• Am. J. Respir. Crit. Care Med. · Oct 1994

    Comparative Study

    Hyperpnea limits the volume recruited by positive end-expiratory pressure.

    • A Chandra, J W Coggeshall, S A Ravenscraft, and J J Marini.
    • Division of Pulmonary and Critical Care Medicine, University of Minnesota, Minneapolis/St. Paul.
    • Am. J. Respir. Crit. Care Med. 1994 Oct 1; 150 (4): 911-7.

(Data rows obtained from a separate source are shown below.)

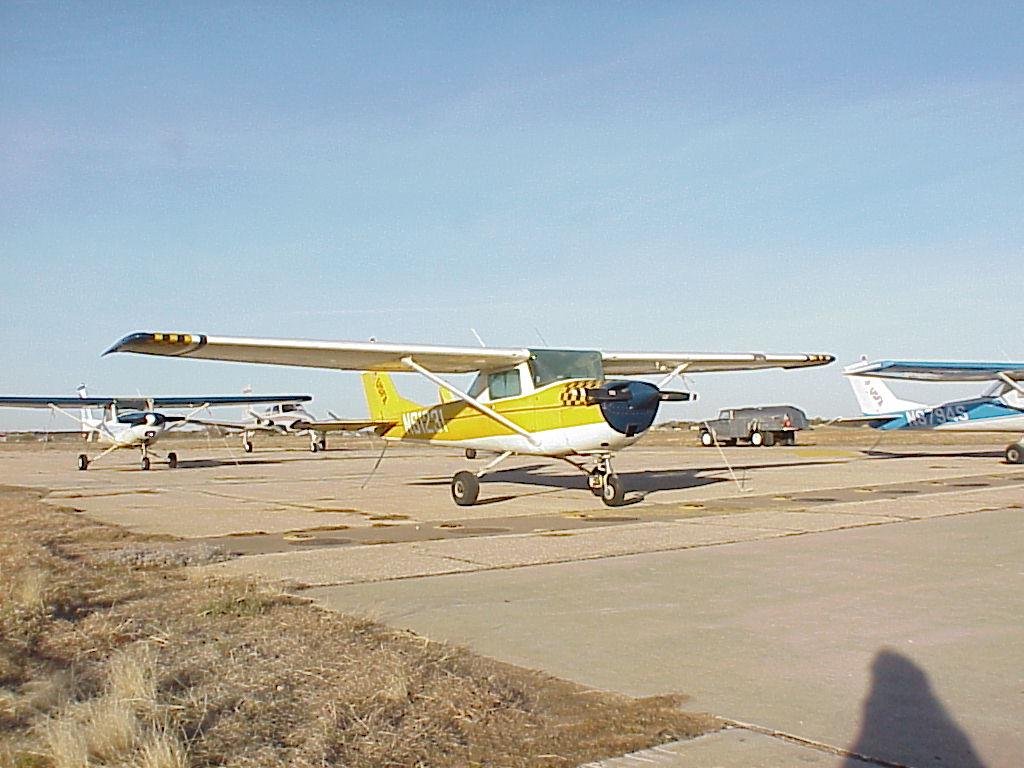 Cessna 150 - 3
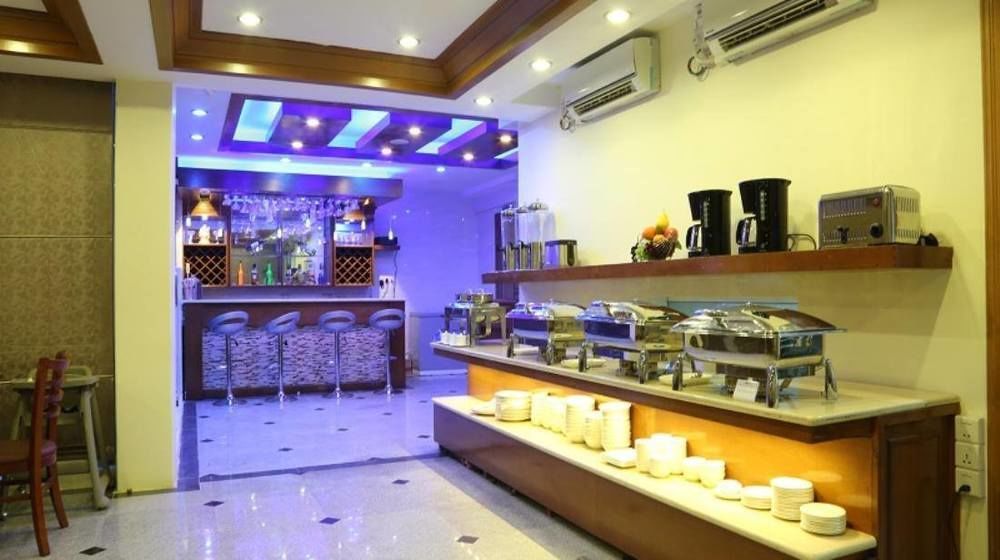 Hotel Royal King Yangon Dış mekan fotoğraf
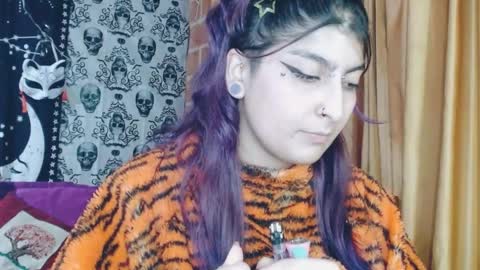    --  -- help me reach 100 hands up  online show from 02.21.25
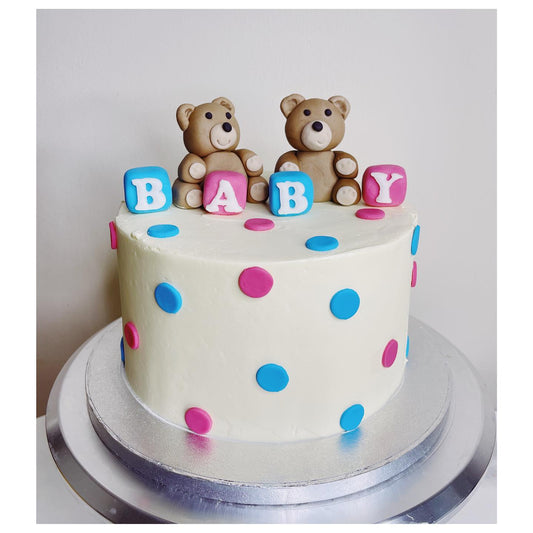 Baby shower cake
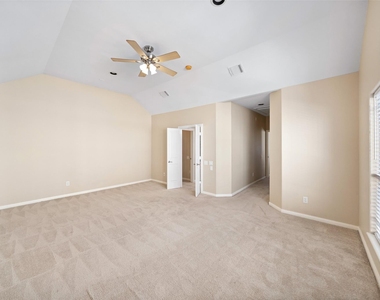 2406 Calumet Street - Photo Thumbnail 2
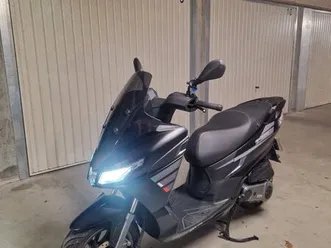 scooter 50 sxr aprilia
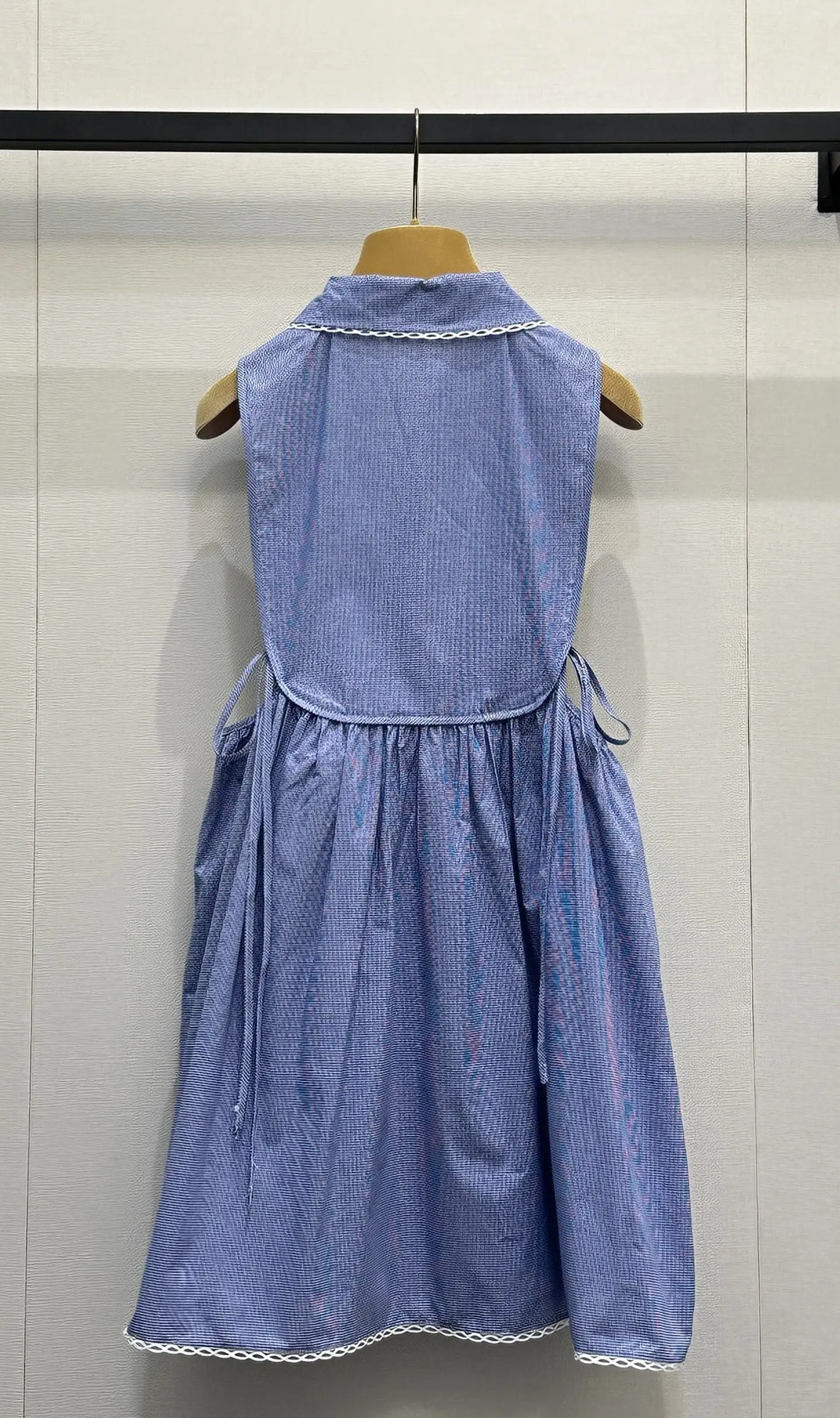 2026 Spring/Summer New Arrival: Hepburn-Style Solid-Color Waist-Cinching Sleeveless Dress
2026 Spring/Summer New Arrival: Hepburn-Style Solid-Color Waist-Cinching Sleeveless Dress
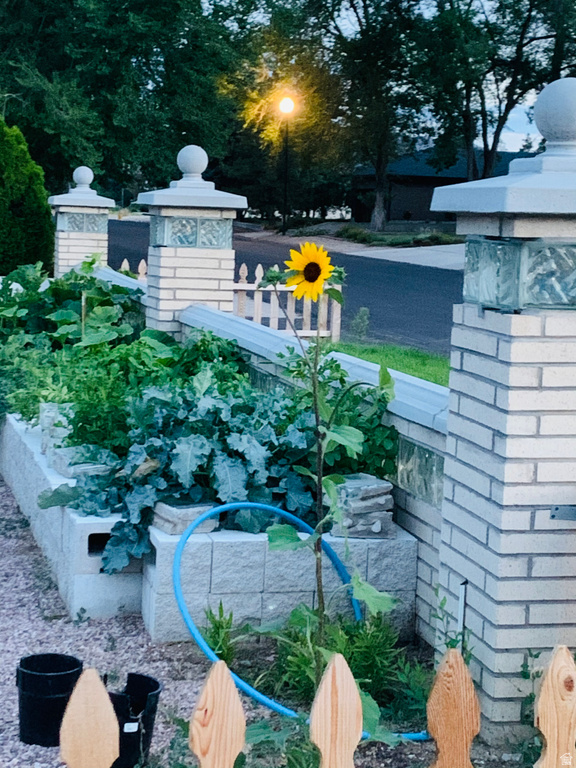 11415 S HAGAN RD Sandy, UT 84092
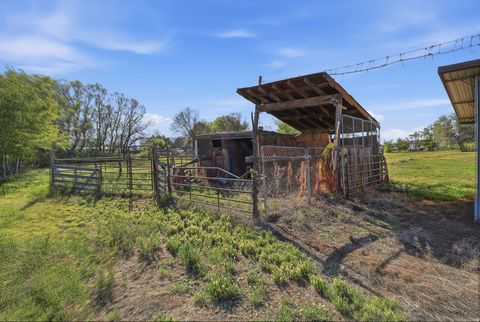 Tiny photo for 915 W STATE ST, Lehi, UT 84043 (MLS # 2155893)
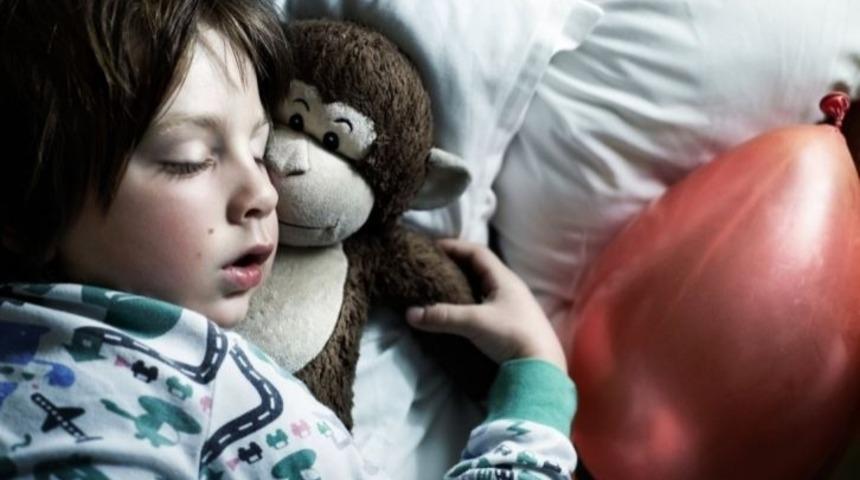 Bu Gece 11'lere Kadar Oturmak Yok: Uygulayacağınız Bu 4 Y&ouml;ntem &Ccedil;ocukların Uyku Saatini Geriye Alacak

    AbstractThe effectiveness of positive end-expiratory pressure (PEEP) relates directly to alveolar recruitment. We tested the hypothesis that active use of expiratory muscles during labored breathing impairs the ability of PEEP to increase end-expiratory lung volume. Eight healthy volunteers naive to the purposes of our study were exposed to targeted end-expiratory pressures of 0, 5, and 10 cm H2O during mechanical ventilation applied by mouthpiece and noseclips at three levels of ventilation: resting and two levels (moderate and high) of CO2 stimulation (10.9 +/- 0.4, 19.9 +/- 0.5 and 27.5 +/- 0.5 L/min, respectively). Inductive plethysmography demonstrated that end-expiratory lung volume rose by an average of 98 +/- 5 ml/cm H2O PEEP during quiet breathing but by much less during the two levels (moderate and high) of CO2 stimulation: 78 +/- 6 ml/cm H2O and 47 +/- 5 ml/cm H2O (p < 0.05). Hyperpnea also shifted the distribution of the recruited volume toward regions sampled by the rib cage band of the plethysmograph. Whatever advantage expiratory muscle activity may have for minimizing the workload of the inspiratory muscles, the cost may be reduced effectiveness of PEEP in increasing lung volume and improving oxygen exchange.